** EXERCISE DATA follows **

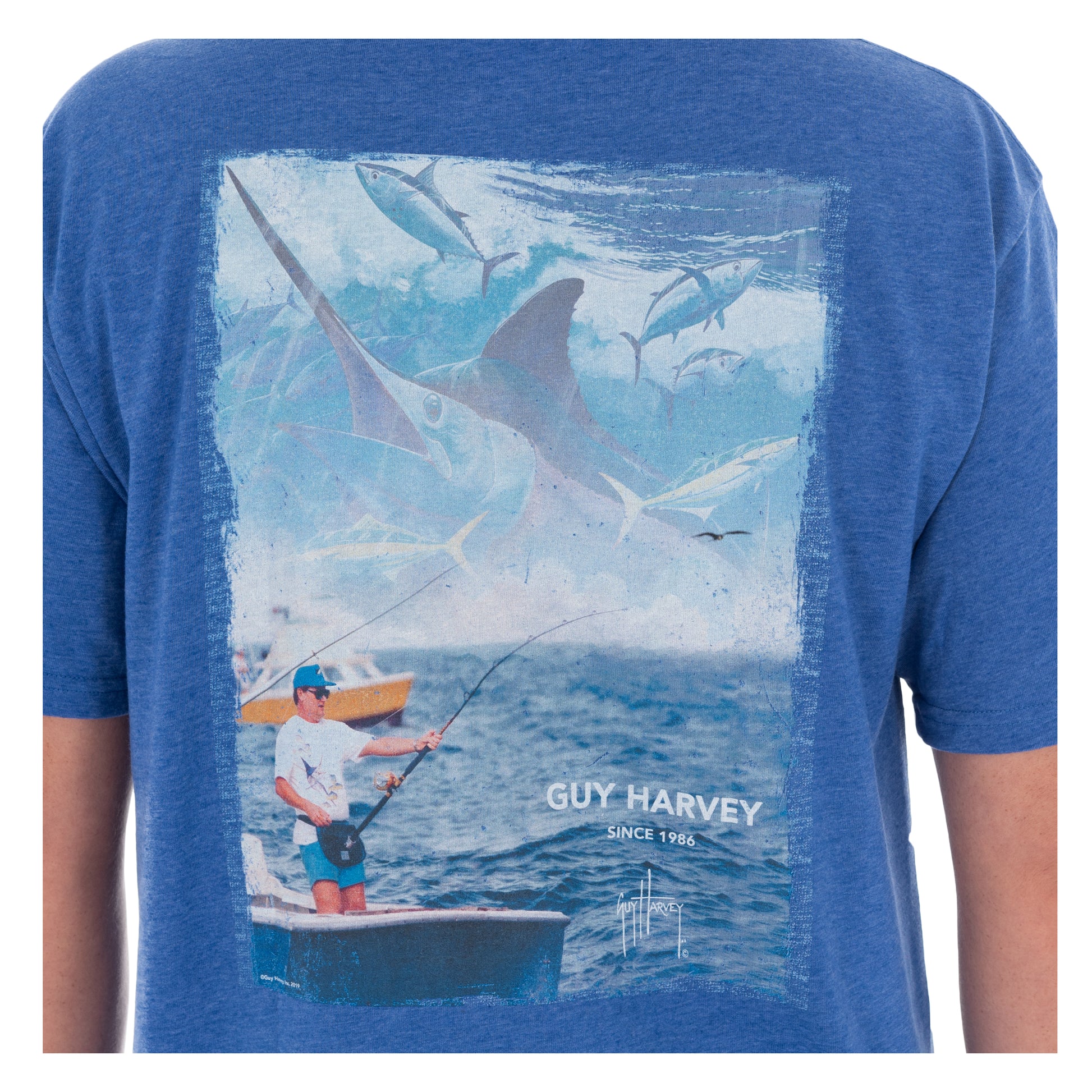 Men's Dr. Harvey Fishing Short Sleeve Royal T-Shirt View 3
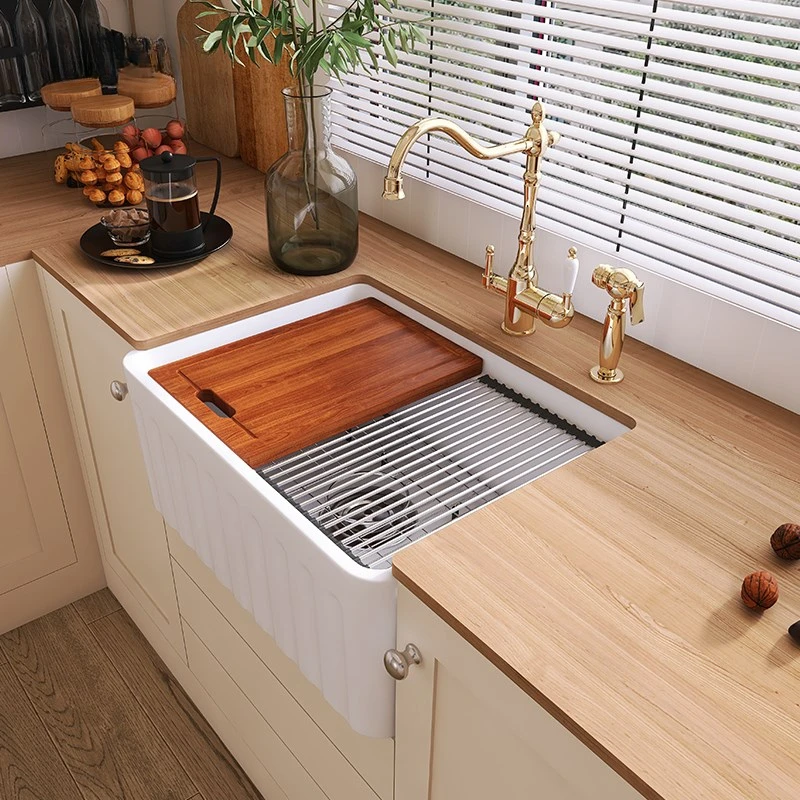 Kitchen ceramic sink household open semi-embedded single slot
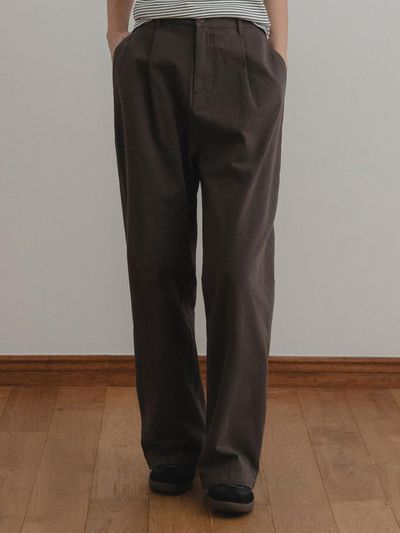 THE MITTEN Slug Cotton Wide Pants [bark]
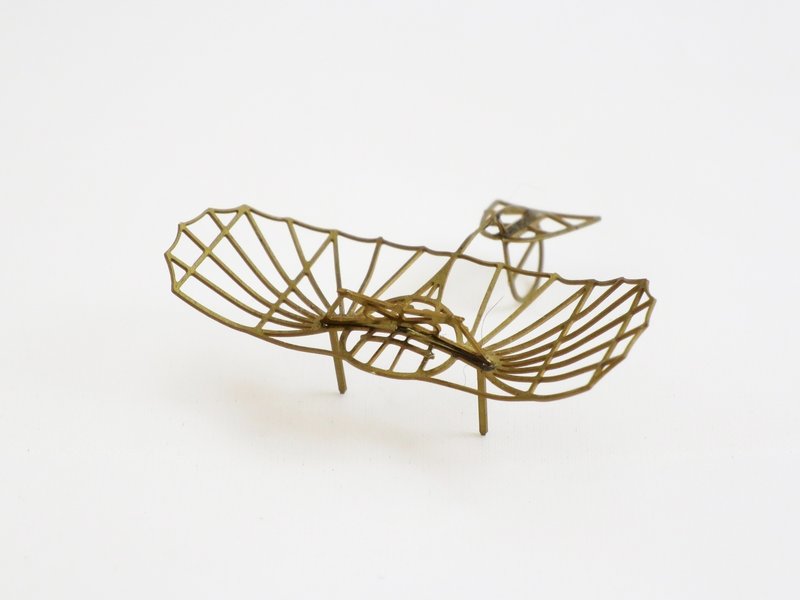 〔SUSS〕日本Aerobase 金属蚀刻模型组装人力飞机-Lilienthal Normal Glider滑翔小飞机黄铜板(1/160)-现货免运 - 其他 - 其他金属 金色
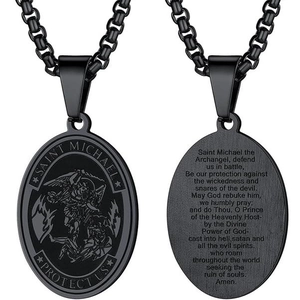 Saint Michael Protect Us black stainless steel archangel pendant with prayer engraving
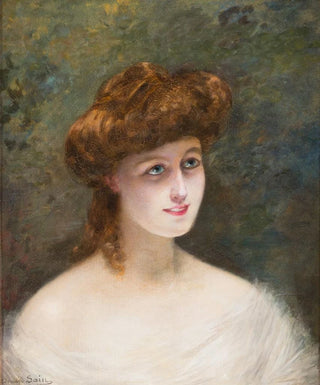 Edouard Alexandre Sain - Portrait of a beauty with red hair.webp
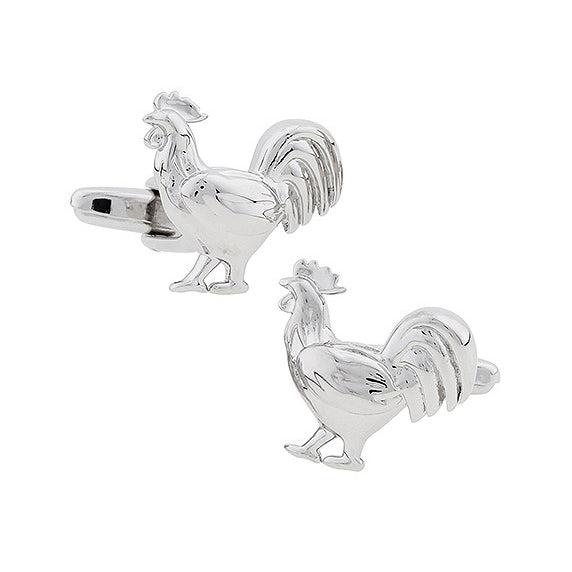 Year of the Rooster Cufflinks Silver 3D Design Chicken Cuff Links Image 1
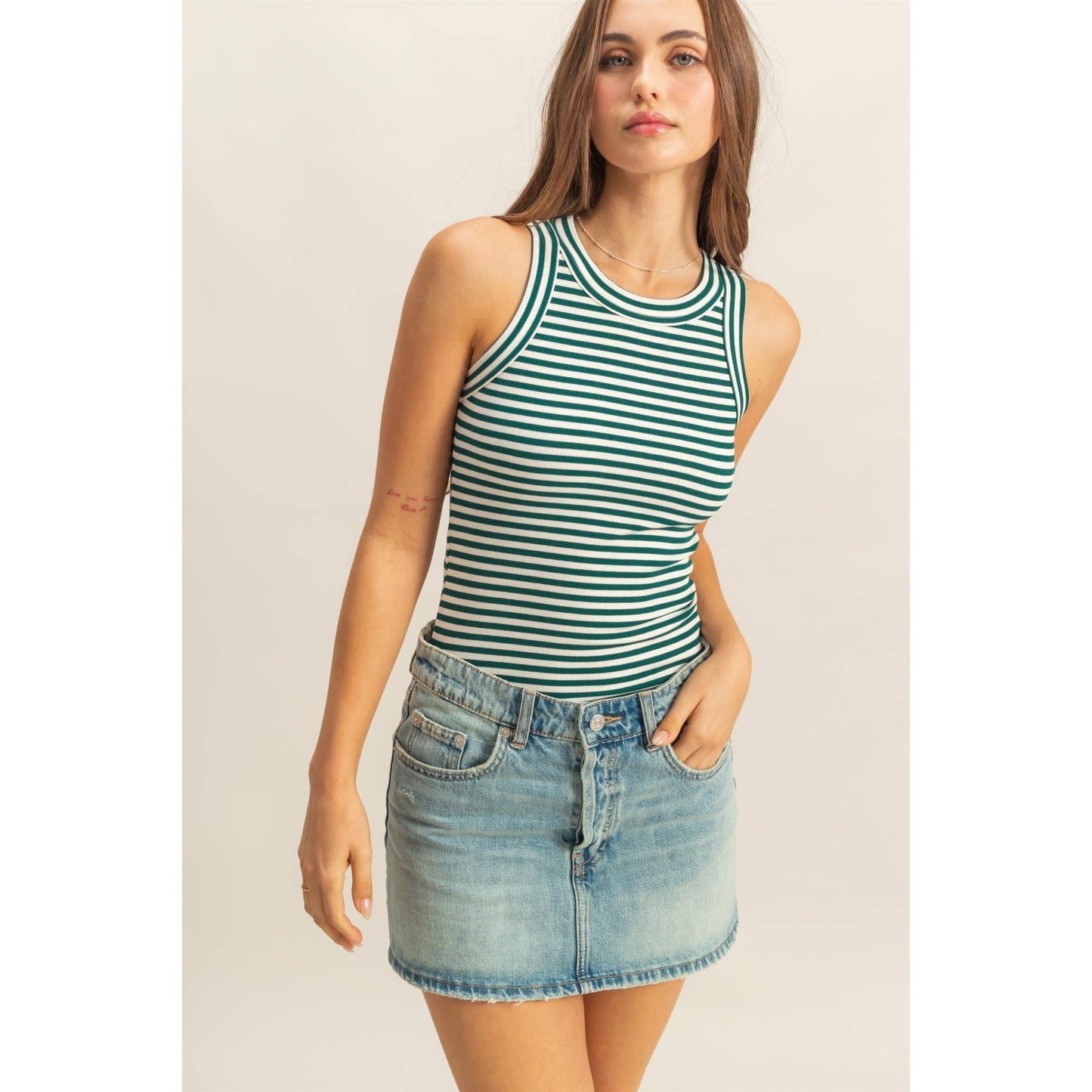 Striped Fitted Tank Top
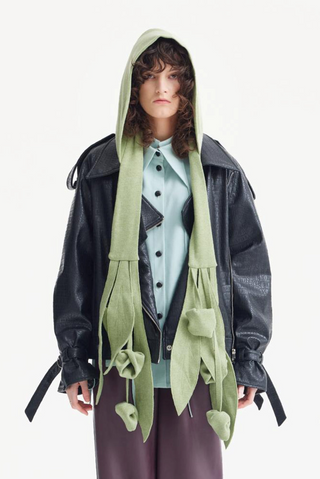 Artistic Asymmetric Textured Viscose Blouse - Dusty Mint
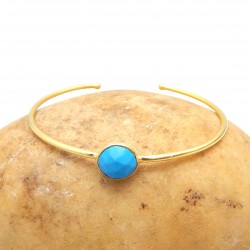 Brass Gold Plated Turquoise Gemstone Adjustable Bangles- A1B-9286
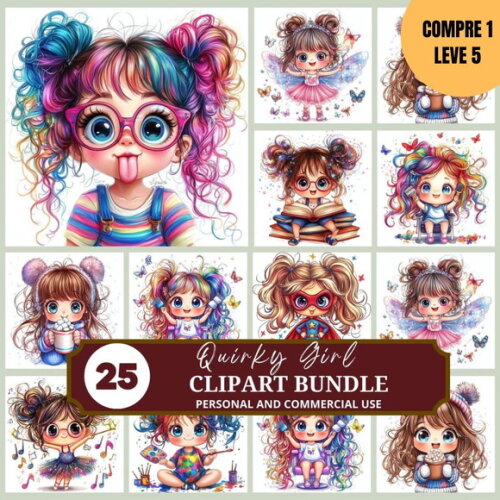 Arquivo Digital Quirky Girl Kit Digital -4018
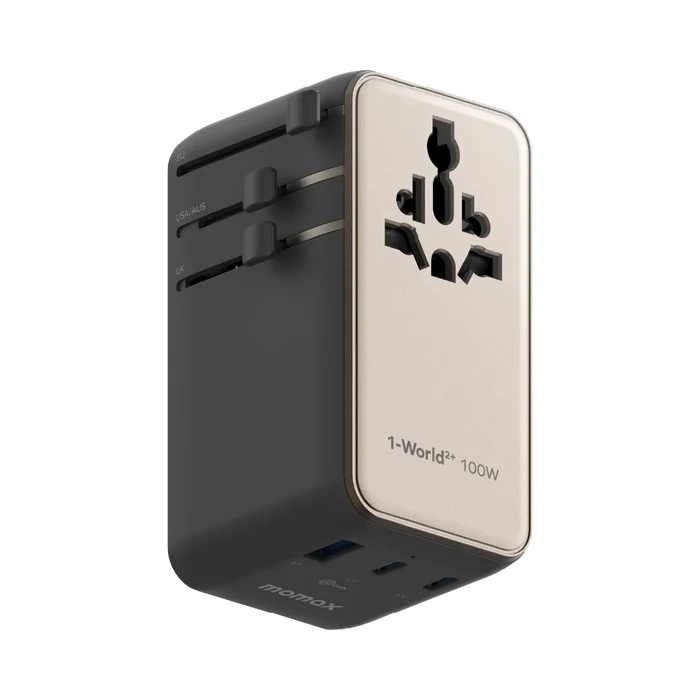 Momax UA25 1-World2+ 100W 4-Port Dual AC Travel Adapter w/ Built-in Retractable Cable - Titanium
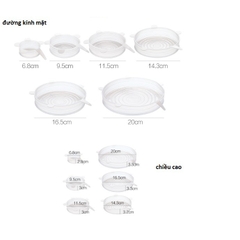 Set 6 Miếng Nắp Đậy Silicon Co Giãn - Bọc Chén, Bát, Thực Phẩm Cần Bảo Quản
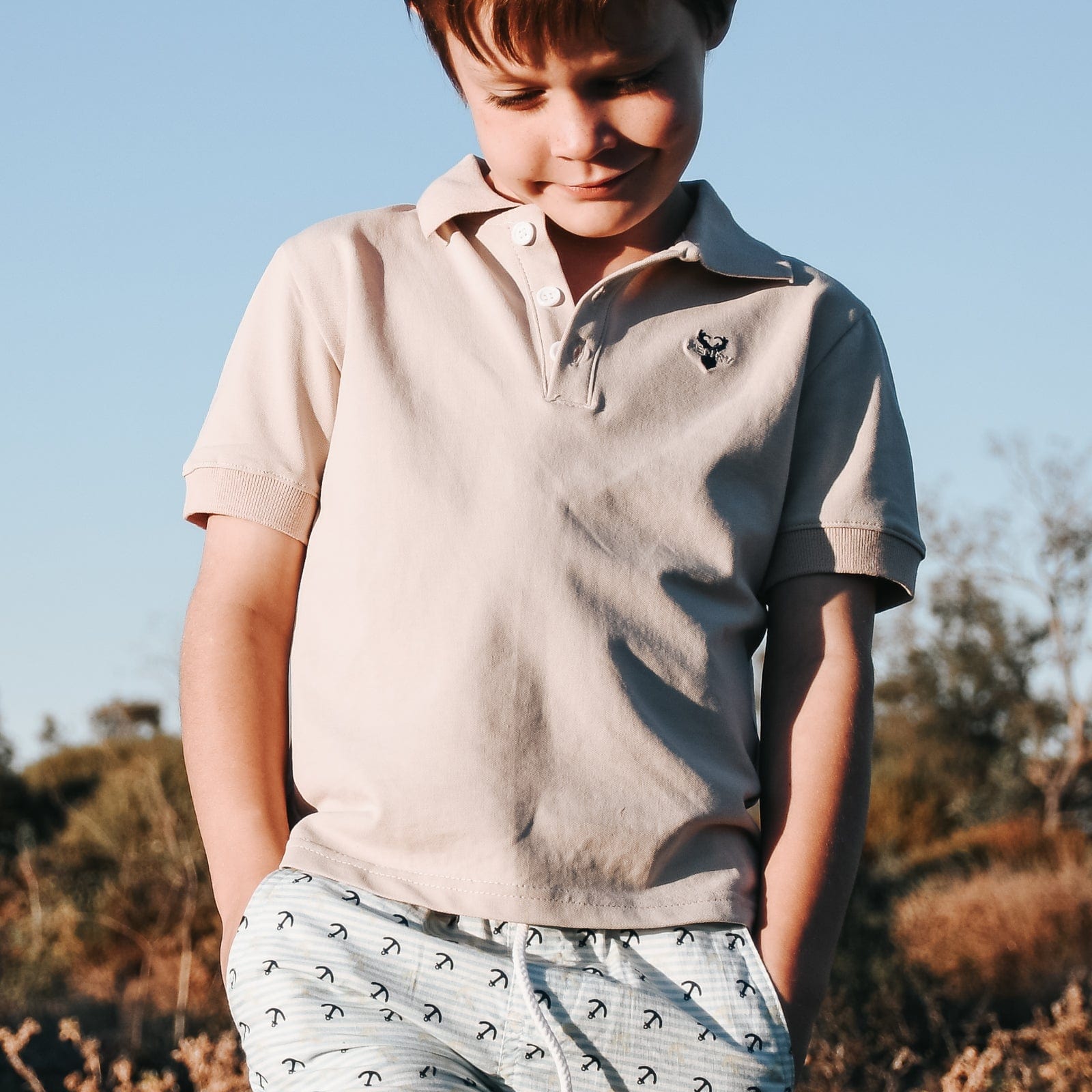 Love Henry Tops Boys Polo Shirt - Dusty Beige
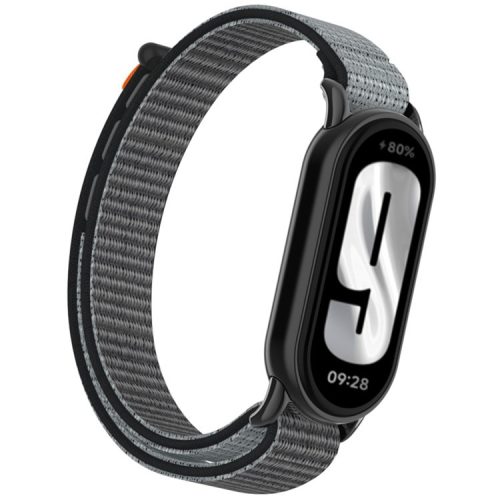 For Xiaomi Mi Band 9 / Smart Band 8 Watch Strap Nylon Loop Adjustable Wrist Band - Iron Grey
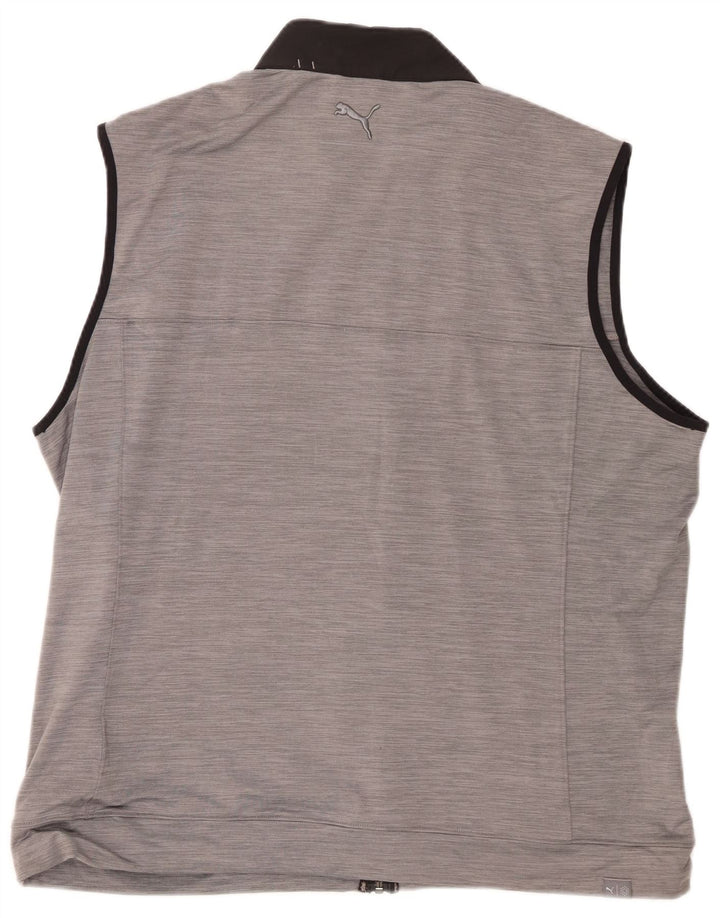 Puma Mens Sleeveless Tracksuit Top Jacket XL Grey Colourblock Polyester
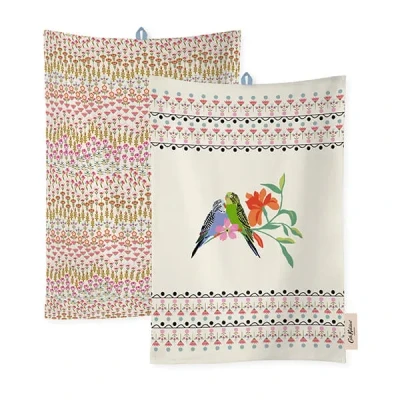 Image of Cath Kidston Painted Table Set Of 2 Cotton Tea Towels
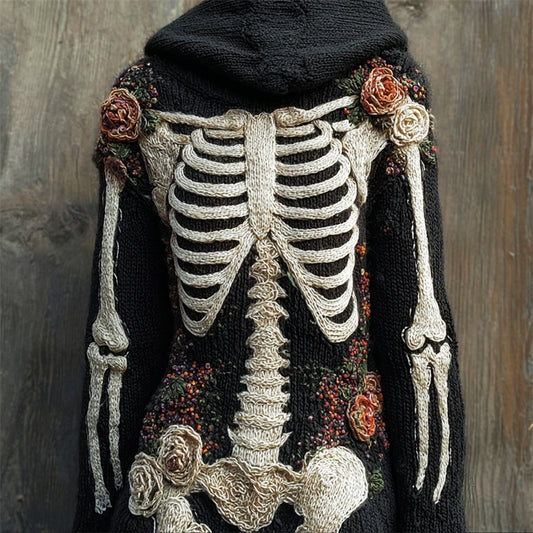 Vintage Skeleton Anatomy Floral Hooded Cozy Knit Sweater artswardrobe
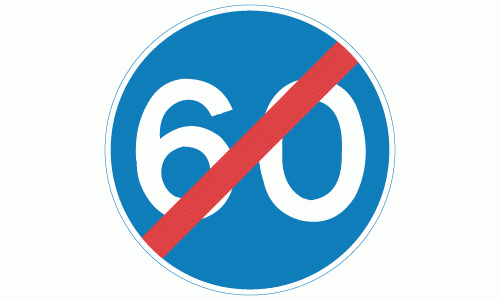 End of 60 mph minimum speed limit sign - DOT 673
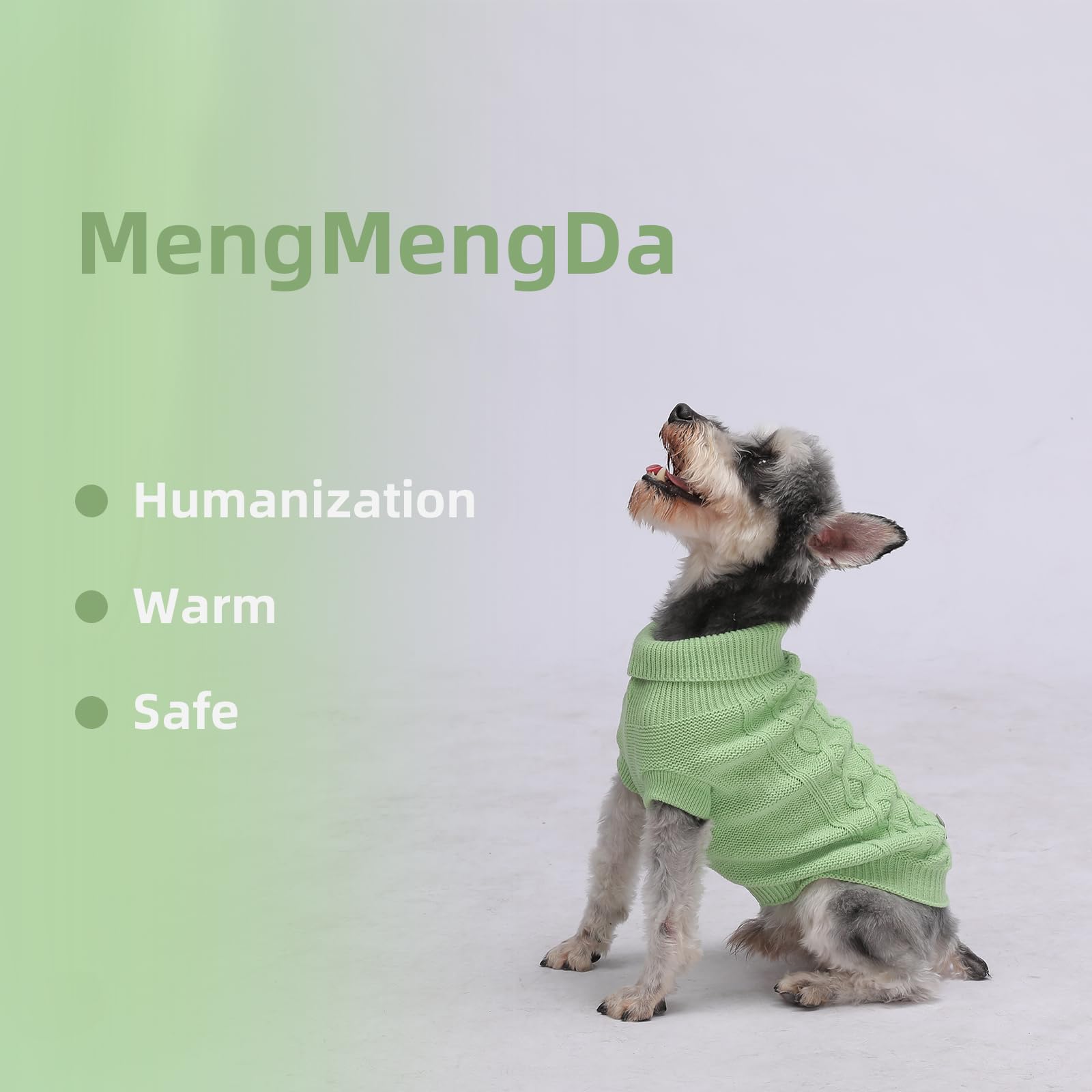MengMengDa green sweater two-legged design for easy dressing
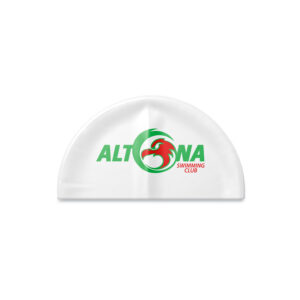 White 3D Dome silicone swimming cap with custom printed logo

** End of EXERCISE DATA **

- YOUR INSTRUCTIONS -
In the answer, the entries should be restated verbatim, with all pictures omitted.

- COMPLETED TASK -
 Men's Dr. Harvey Fishing Short Sleeve Royal T-Shirt View 3
 Kitchen ceramic sink household open semi-embedded single slot
 THE MITTEN Slug Cotton Wide Pants [bark]
 〔SUSS〕日本Aerobase 金属蚀刻模型组装人力飞机-Lilienthal Normal Glider滑翔小飞机黄铜板(1/160)-现货免运 - 其他 - 其他金属 金色
 Saint Michael Protect Us black stainless steel archangel pendant with prayer engraving
 Edouard Alexandre Sain - Portrait of a beauty with red hair.webp
 Year of the Rooster Cufflinks Silver 3D Design Chicken Cuff Links Image 1
 Striped Fitted Tank Top
 Artistic Asymmetric Textured Viscose Blouse - Dusty Mint
 Brass Gold Plated Turquoise Gemstone Adjustable Bangles- A1B-9286
 Arquivo Digital Quirky Girl Kit Digital -4018
 Momax UA25 1-World2+ 100W 4-Port Dual AC Travel Adapter w/ Built-in Retractable Cable - Titanium
 Set 6 Miếng Nắp Đậy Silicon Co Giãn - Bọc Chén, Bát, Thực Phẩm Cần Bảo Quản
 Love Henry Tops Boys Polo Shirt - Dusty Beige
 For Xiaomi Mi Band 9 / Smart Band 8 Watch Strap Nylon Loop Adjustable Wrist Band - Iron Grey
 Puma Mens Sleeveless Tracksuit Top Jacket XL Grey Colourblock Polyester
 Image of Cath Kidston Painted Table Set Of 2 Cotton Tea Towels
 Vintage Skeleton Anatomy Floral Hooded Cozy Knit Sweater artswardrobe
 End of 60 mph minimum speed limit sign - DOT 673
MengMengDa green sweater two-legged design for easy dressing
 White 3D Dome silicone swimming cap with custom printed logo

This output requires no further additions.